Faradika Darman, S.S., M.A.
Widyabasa Ahli Muda Balai Bahasa Provinsi Maluku

Revitalisasi bahasa daerah merupakan upaya strategis dan sistematis dalam menjaga kelangsungan dan kelestarian sebuah bahasa. Saat ini, bahasa daerah seakan berperang dan beradu dengan berkembangnya zaman dan majunya peradaban. Fenomena ini tidak hanya menggerogoti wilayah-wilayah perkotaan, tetapi juga wilayah-wilayah pedesaan yang akses transportasinya terbatas dan jauh dari ibu kota kabupaten. Hal ini dapat dilihat dengan tanda-tanda yang ditunjukkan dari terjadinya pergeseran dan peralihan penggunaan bahasa daerah ke bahasa yang lebih dominan, misalnya lingua franca di wilayah tersebut. Akibatnya, bahasa daerah kian terasa asing di tanahnya sendiri. 

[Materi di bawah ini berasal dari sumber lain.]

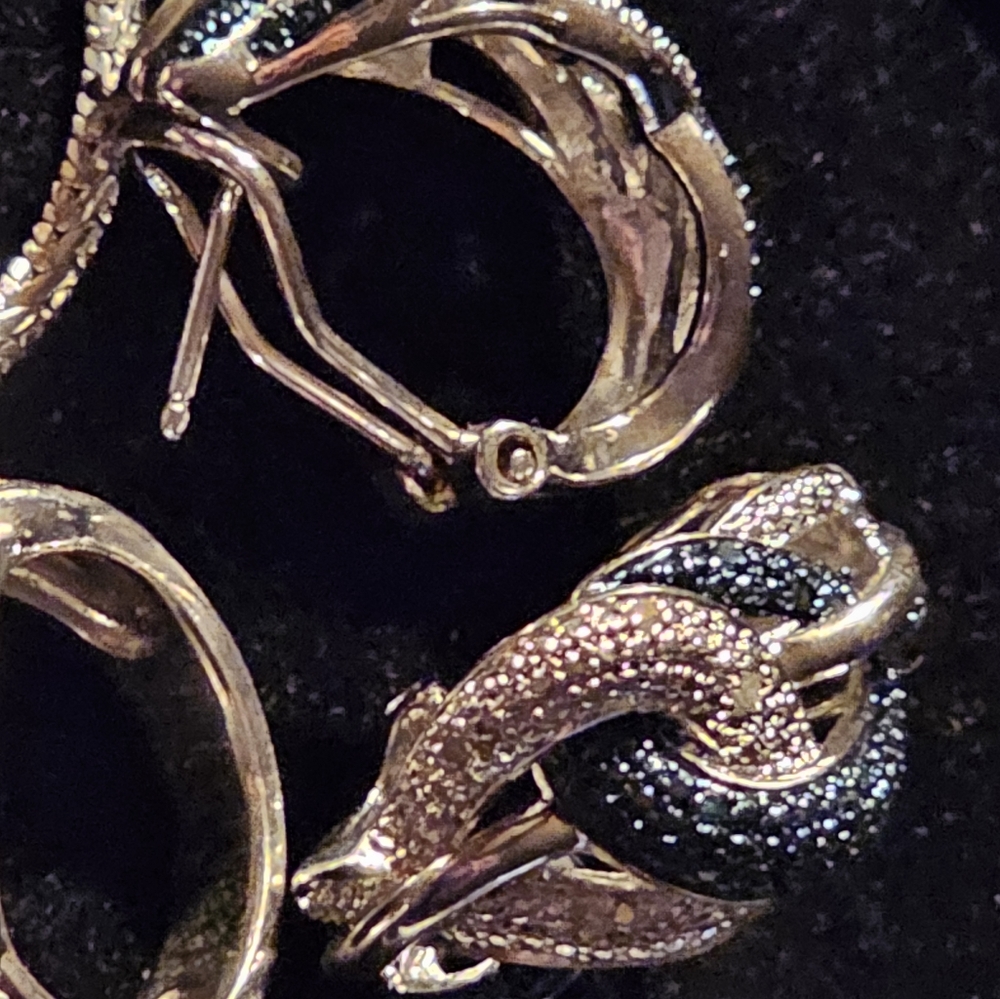 4 piece,NECKLACE FRENCH BACK EARRINGS, RING SIZE 7.STAMPED KRN RHODIUM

Bahkan, posisi bahasa daerah menjadi setara dengan bahasa asing. Bahasa daerah bukan bahasa pertama, bukan bahasa ibu. Pergeseran ini secara cermat diamati oleh Gufron A. Ibrahim, seorang guru besar di bidang antropolinguistik dari Maluku Utara, pada 9 Oktober lalu dalam Kuliah Umum Kebahasaan bertajuk “Tantangan dan Upaya Pelestarian Bahasa Daerah yang Terancam Punah di Indonesia”. Dalam penyampaiannya, Ibrahim menyampaikan bahwa kondisi pewarisan dan peralihan bahasa daerah dikelompokkan dalam tiga generasi yang memiliki kriteria berbeda-beda. Pertama, generasi >75 merupakan generasi yang cakap bahasa etnik dan setia menggunakannya. Kedua, generasi >50 merupakan generasi yang cakap bahasa etnik dan cakap bahasa lingua franca, tetapi lebih membiasakan generasi berikut dengan bahasa lingua francaKetiga, generasi <25-an merupakan generasi yang hanya cakap bahasa lingua franca sebagai bahasa pertama atau bahasa ibu. Realitas ini menunjukkan makin menurunnya fungsi dan peran bahasa daerah di masyarakat, termasuk di Provinsi Maluku. 

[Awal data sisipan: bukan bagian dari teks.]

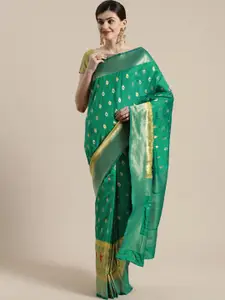 Saree mall Green & Yellow Floral Zari Silk Blend Sarees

Upaya konkret untuk mengantisipasi terjadinya kepunahan dan penurunan daya hidup bahasa tersebut adalah revitalisasi. Menurut Hinton, Huss, dan Roche (2018) dalam The Routledge Handbook of Language Revitalization, revitalisasi bahasa merupakan segala upaya yang disengaja untuk membalikkan penurunan fungsi atau jumlah penutur suatu bahasa dengan tujuan mengembalikan vitalitasnya, baik dalam komunitas penutur asli maupun generasi baru. Revitalisasi bukan sekadar tindakan linguistik, melainkan sebuah gerakan sosial, budaya, dan politik yang melibatkan masyarakat penutur, lembaga pendidikan, serta pemerintah dalam mempertahankan dan menghidupkan kembali bahasa yang terancam punah. Program ini umumnya diaktualisasikan melalui pendekatan pendidikan dan pelibatan komunitas tutur. Dalam ranah pendidikan, sekolah menjadi salah satu ruang vital. Melalui pembelajaran yang terstruktur diharapkan dapat menciptakan penutur baru pelestari bahasa daerah. Dalam tulisan ilmiah berjudul “Education and Regional Languages in Indonesia: Between Necessity, Indifference and Regret” oleh Jerome Samuel (2025) berpendapat bahwa kebijakan pelaksanaan pendidikan bahasa daerah di sekolah menjadi elemen penting dalam menjaga bahasa daerah agar tidak makin terpinggirkan. Pandangan ini selaras dengan pendapat Shah, Sheena & Brenzinger, Matthias (2018) dalam “The Role of Teaching in Language Revival and Revitalization Movements. Annual Review of Applied Linguistics” bahwa pengajaran formal termasuk melalui sekolah merupakan cara utama atau satu‐satunya untuk meneruskan bahasa leluhur ketika transmisi antargenerasi sudah terganggu.  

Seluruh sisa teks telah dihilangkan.